▸ Data extract
===============

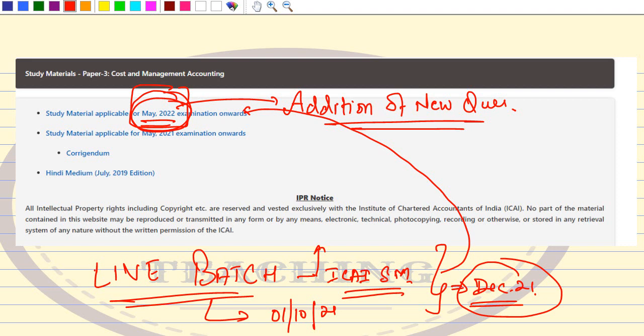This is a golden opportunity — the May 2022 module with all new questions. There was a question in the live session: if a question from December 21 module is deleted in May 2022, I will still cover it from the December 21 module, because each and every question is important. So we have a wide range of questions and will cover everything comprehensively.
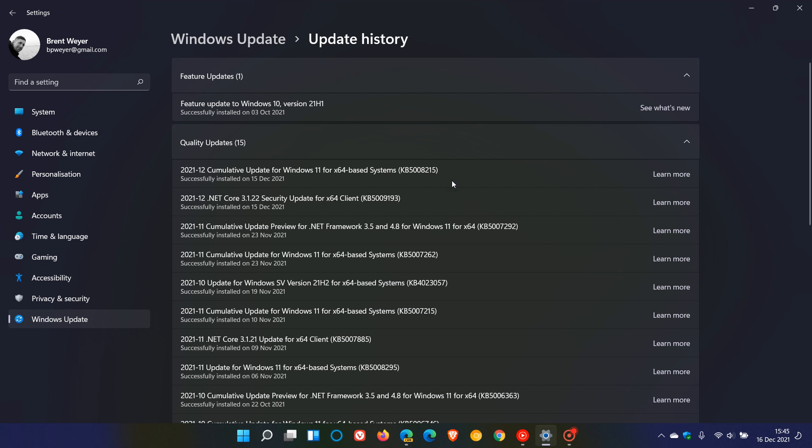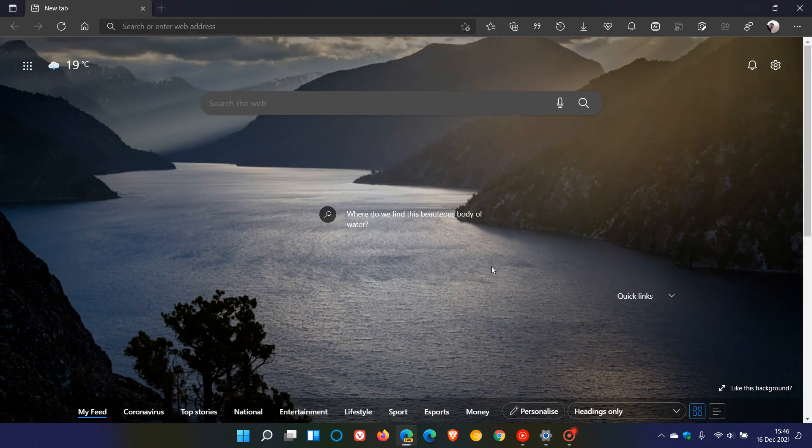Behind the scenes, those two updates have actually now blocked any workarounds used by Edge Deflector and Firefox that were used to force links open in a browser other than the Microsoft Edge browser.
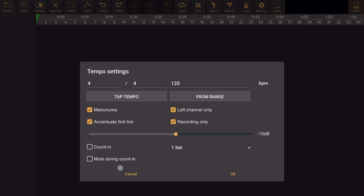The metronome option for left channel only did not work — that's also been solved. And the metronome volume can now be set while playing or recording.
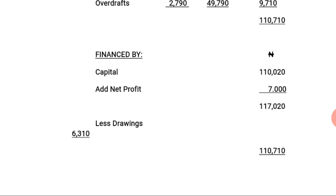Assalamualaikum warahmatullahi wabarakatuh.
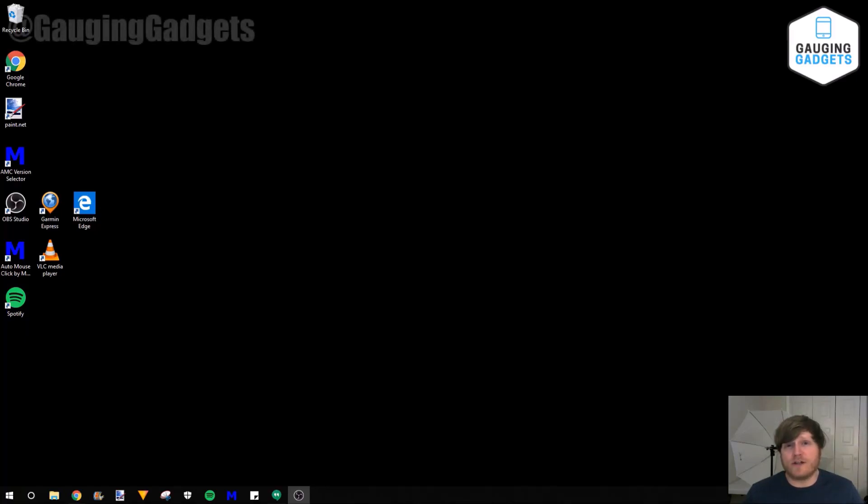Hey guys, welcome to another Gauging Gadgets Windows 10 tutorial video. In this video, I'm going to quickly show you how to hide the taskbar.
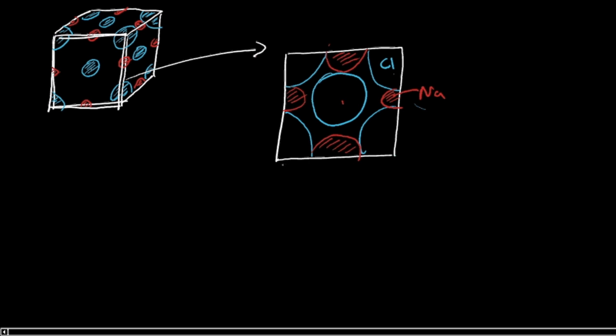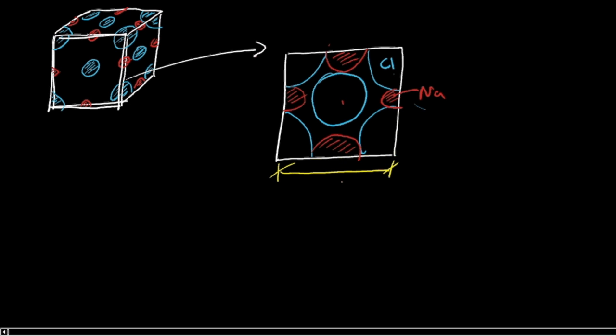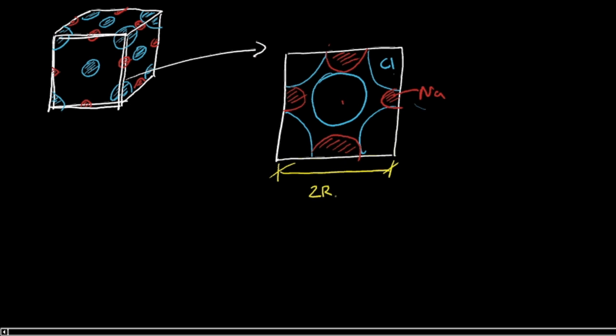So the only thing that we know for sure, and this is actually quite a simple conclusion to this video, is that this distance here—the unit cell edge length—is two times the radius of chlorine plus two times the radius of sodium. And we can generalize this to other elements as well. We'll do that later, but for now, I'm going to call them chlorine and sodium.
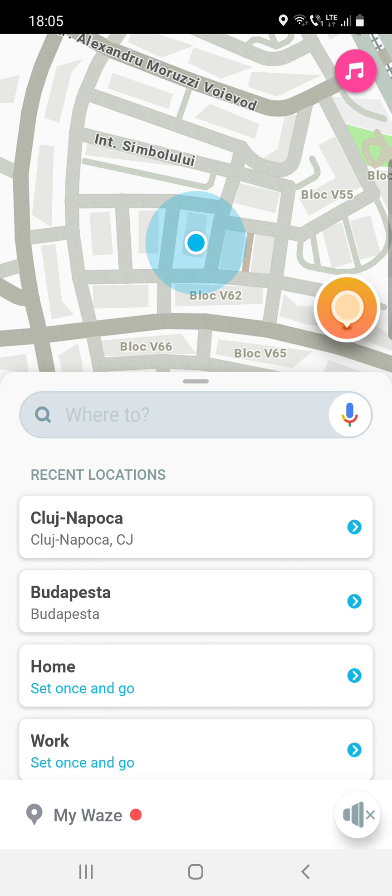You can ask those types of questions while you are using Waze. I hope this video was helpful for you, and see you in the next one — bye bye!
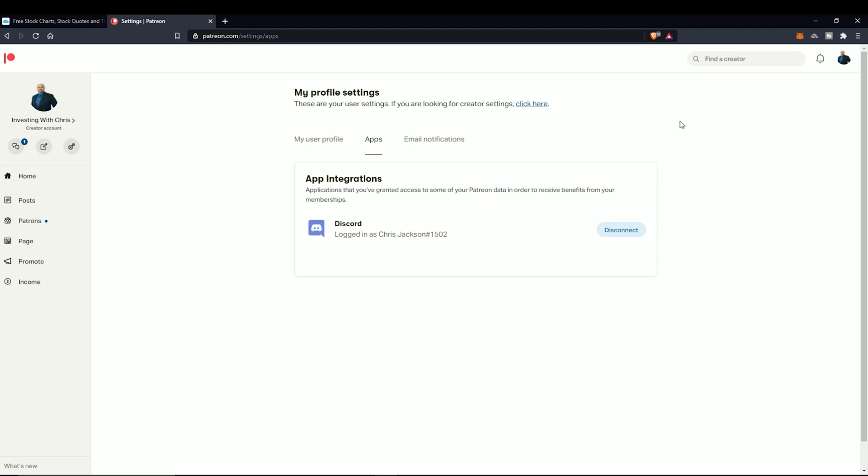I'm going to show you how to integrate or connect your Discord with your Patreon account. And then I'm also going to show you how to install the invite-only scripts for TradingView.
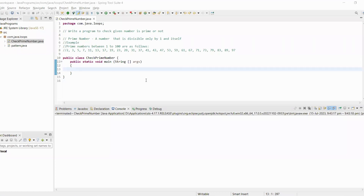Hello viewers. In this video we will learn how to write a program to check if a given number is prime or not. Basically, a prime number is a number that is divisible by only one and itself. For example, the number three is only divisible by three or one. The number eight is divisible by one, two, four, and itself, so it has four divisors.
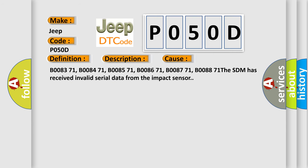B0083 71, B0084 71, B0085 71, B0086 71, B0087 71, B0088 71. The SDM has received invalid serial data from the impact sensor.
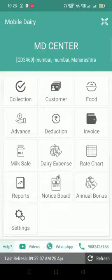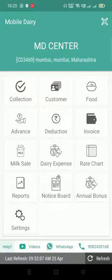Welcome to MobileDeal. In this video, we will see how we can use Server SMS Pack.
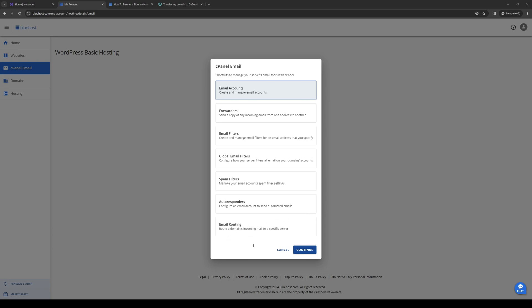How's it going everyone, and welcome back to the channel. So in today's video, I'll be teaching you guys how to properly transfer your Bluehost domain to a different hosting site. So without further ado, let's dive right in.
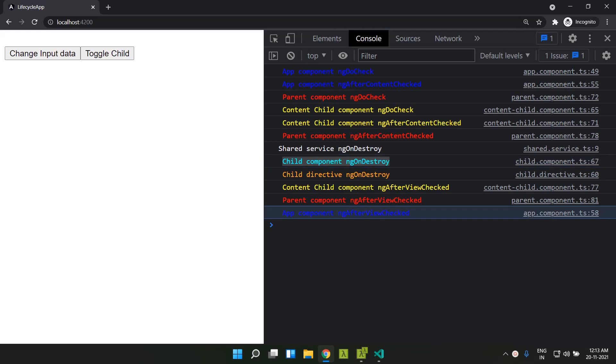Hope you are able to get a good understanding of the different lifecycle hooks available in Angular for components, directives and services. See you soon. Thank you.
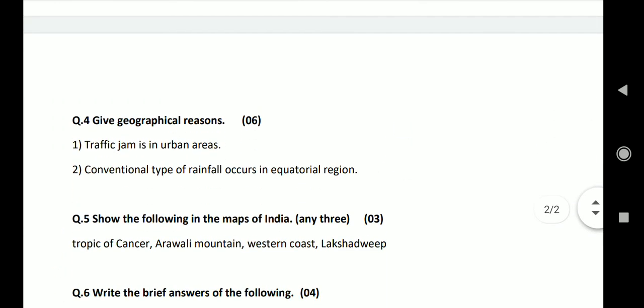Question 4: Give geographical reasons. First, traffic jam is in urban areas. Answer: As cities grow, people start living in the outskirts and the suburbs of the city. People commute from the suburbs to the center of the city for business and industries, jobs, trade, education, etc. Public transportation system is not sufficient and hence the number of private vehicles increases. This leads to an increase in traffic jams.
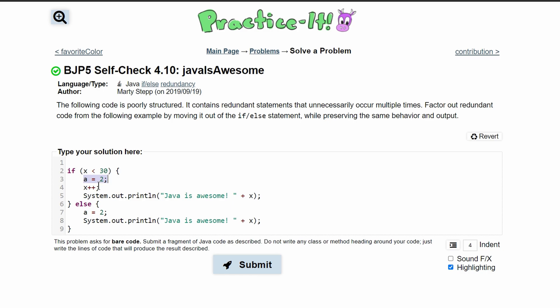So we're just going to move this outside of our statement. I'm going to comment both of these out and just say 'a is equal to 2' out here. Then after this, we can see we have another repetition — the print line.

===============

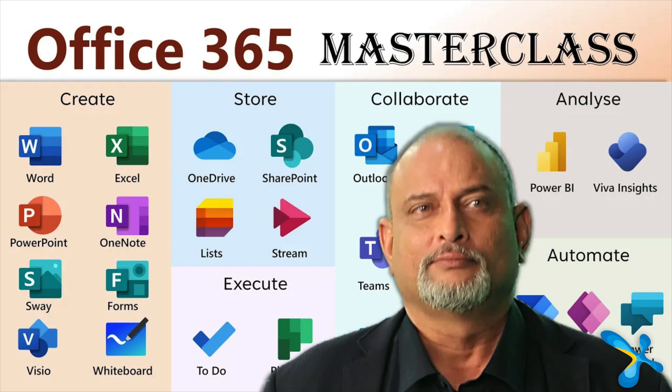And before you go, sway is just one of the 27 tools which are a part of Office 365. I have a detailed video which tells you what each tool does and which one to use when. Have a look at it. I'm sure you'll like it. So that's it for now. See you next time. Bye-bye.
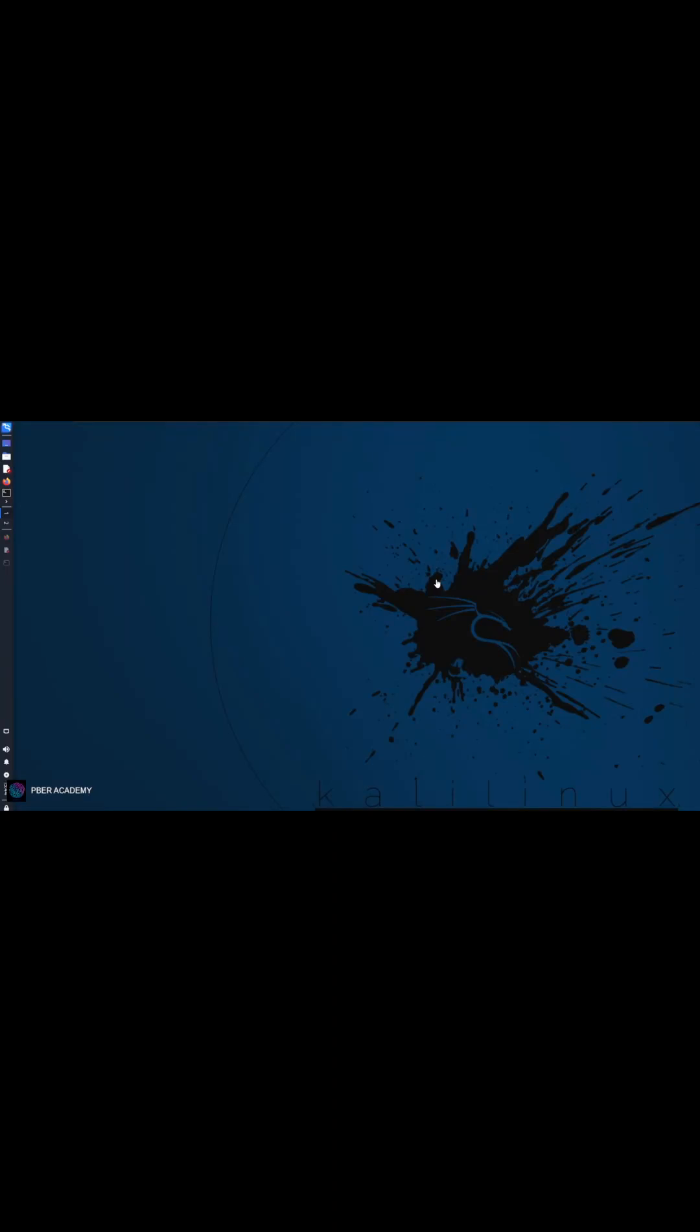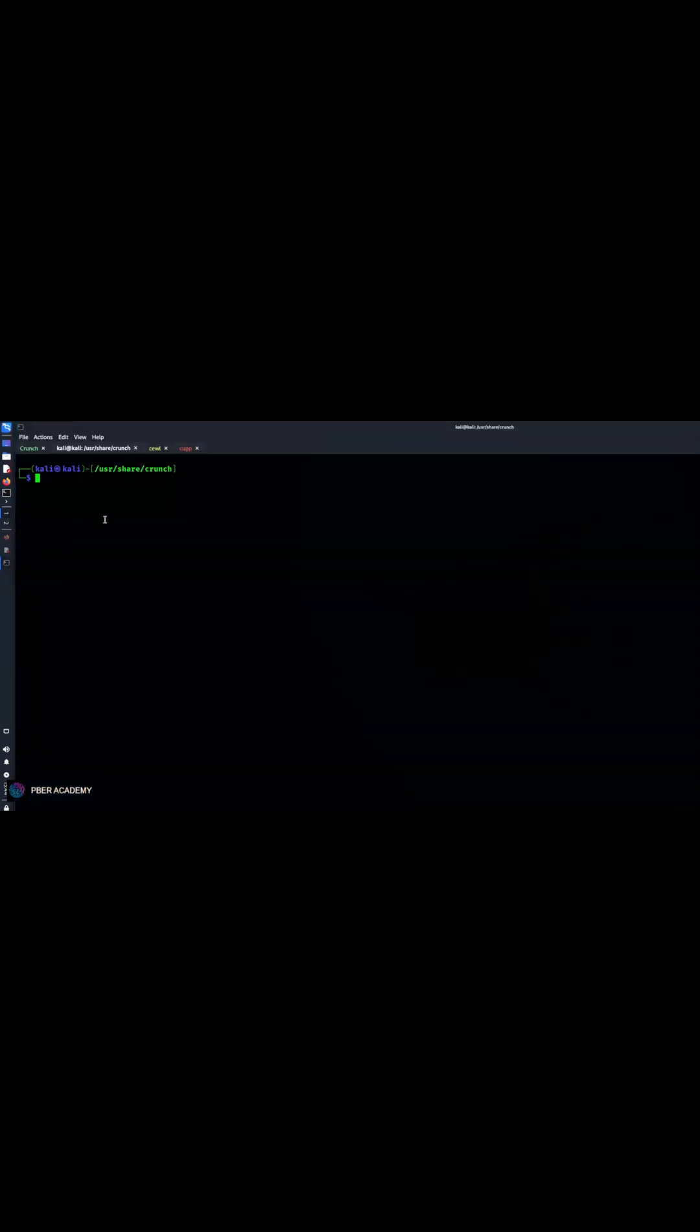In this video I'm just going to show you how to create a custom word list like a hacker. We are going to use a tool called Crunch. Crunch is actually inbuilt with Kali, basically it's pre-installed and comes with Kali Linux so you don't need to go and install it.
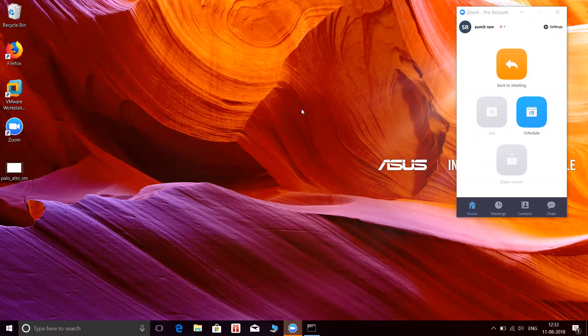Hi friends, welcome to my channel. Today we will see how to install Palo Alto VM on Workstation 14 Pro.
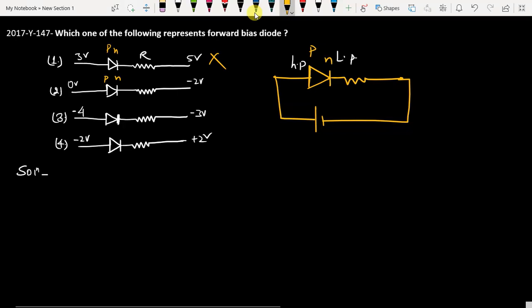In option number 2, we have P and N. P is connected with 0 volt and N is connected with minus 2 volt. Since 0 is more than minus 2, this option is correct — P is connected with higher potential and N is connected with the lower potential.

===============

Starting at the line containing "The metronome option" and stopping at the line containing "I'm going to show", output every line above exactly, both ends included, with pictures omitted.

The metronome option for left channel only did not work — that's also been solved. And the metronome volume can now be set while playing or recording.
Assalamualaikum warahmatullahi wabarakatuh.
Hey guys, welcome to another Gauging Gadgets Windows 10 tutorial video. In this video, I'm going to quickly show you how to hide the taskbar.
So the only thing that we know for sure, and this is actually quite a simple conclusion to this video, is that this distance here—the unit cell edge length—is two times the radius of chlorine plus two times the radius of sodium. And we can generalize this to other elements as well. We'll do that later, but for now, I'm going to call them chlorine and sodium.
You can ask those types of questions while you are using Waze. I hope this video was helpful for you, and see you in the next one — bye bye!
I'm going to show you how to integrate or connect your Discord with your Patreon account. And then I'm also going to show you how to install the invite-only scripts for TradingView.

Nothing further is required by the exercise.